Studio album by Extremoduro
- Released: 5 March 2002
- Recorded: October 2001 – January 2002
- Genre: Hard rock; heavy metal;
- Length: 42:51
- Language: Spanish
- Label: DRO
- Producer: Iñaki "Uoho" Antón

Extremoduro chronology
| Canciones Prohibidas (1998) | Yo, Minoría Absoluta (2002) | Grandes Éxitos y Fracasos (2004) |

= Yo, Minoría Absoluta =

Yo, minoría absoluta is the eighth studio album by Spanish hard rock band Extremoduro. It was produced by Iñaki "Uoho" Antón and published by DRO on 5 March 2002.

==Track listing==
Lyrics by Roberto Iniesta, music by Roberto Iniesta and Iñaki Antón.

| No. | Title | Length |
|---|---|---|
| 1. | "A fuego" | 5:26 |
| 2. | "La vereda de la puerta de atrás" | 4:03 |
| 3. | "Hoy te la meto hasta las orejas" | 3:43 |
| 4. | "Standby" | 3:28 |
| 5. | "Menamoro" | 3:08 |
| 6. | "Luce la oscuridad" | 3:51 |
| 7. | "Cerca del suelo" | 4:42 |
| 8. | "Puta" | 5:38 |
| 9. | "Buitre no come alpiste" | 4:18 |
| 10. | "La vieja (canción sórdida)" | 4:42 |

Limited edition bonus live DVD
| No. | Title | Length |
|---|---|---|
| 1. | "Papel secante" | 4:23 |
| 2. | "Buscando una luna" | 4:05 |
| 3. | "Jesucristo García" | 5:14 |
| 4. | "De acero" | 4:39 |
| 5. | "Sol de invierno" | 5:16 |
| 6. | "Puta [music video]" | 5:40 |
| 7. | "A fuego [music video]" | 5:05 |

== Personnel ==
- Extremoduro
- Roberto "Robe" Iniesta – Vocals and guitar
- Iñaki "Uoho" Antón – Guitar
- Miguel Colino – Bass
- José Ignacio Cantera – Drums
- Additional musicians
- Fito Cabrales – Backing vocals
- Sara – Backing vocals
- Gino Pavone –Percussion instrument
- Batiz – Slide guitar
- Javi Isasi – Trumpet
- Lourdes Aldekoa – Backing vocals on "Hoy te la meto..."
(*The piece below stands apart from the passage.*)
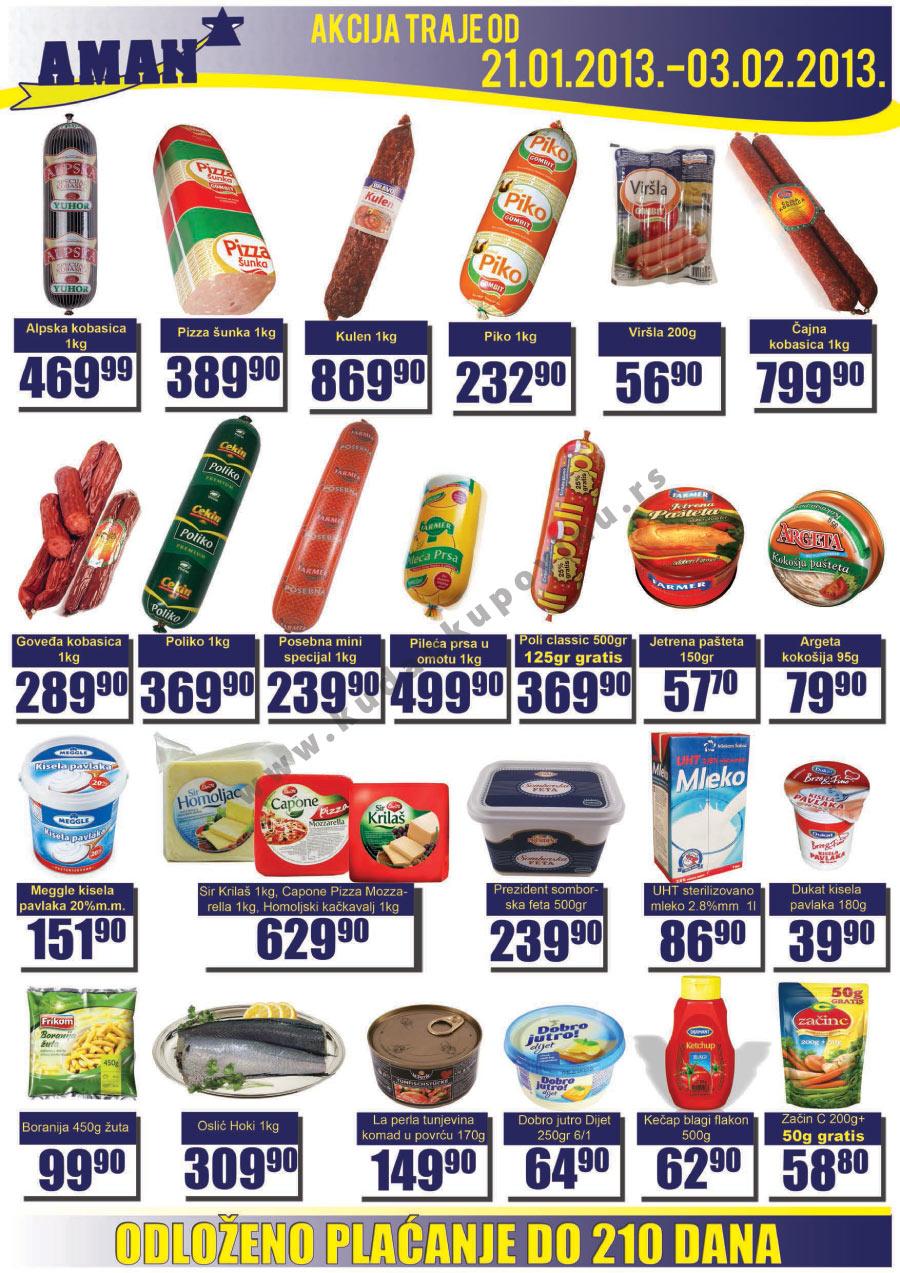 Katalog Akcija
==Charts and certifications==

===Chart performance===

| Chart (2002) | Peak position |
|---|---|
| Spanish Album Charts | 4 |

===Certifications===

| Region | Certification | Certified units/sales |
| Spain (Promusicae) | Platinum | 100,000^{^} |
^{^} Shipments figures based on certification alone.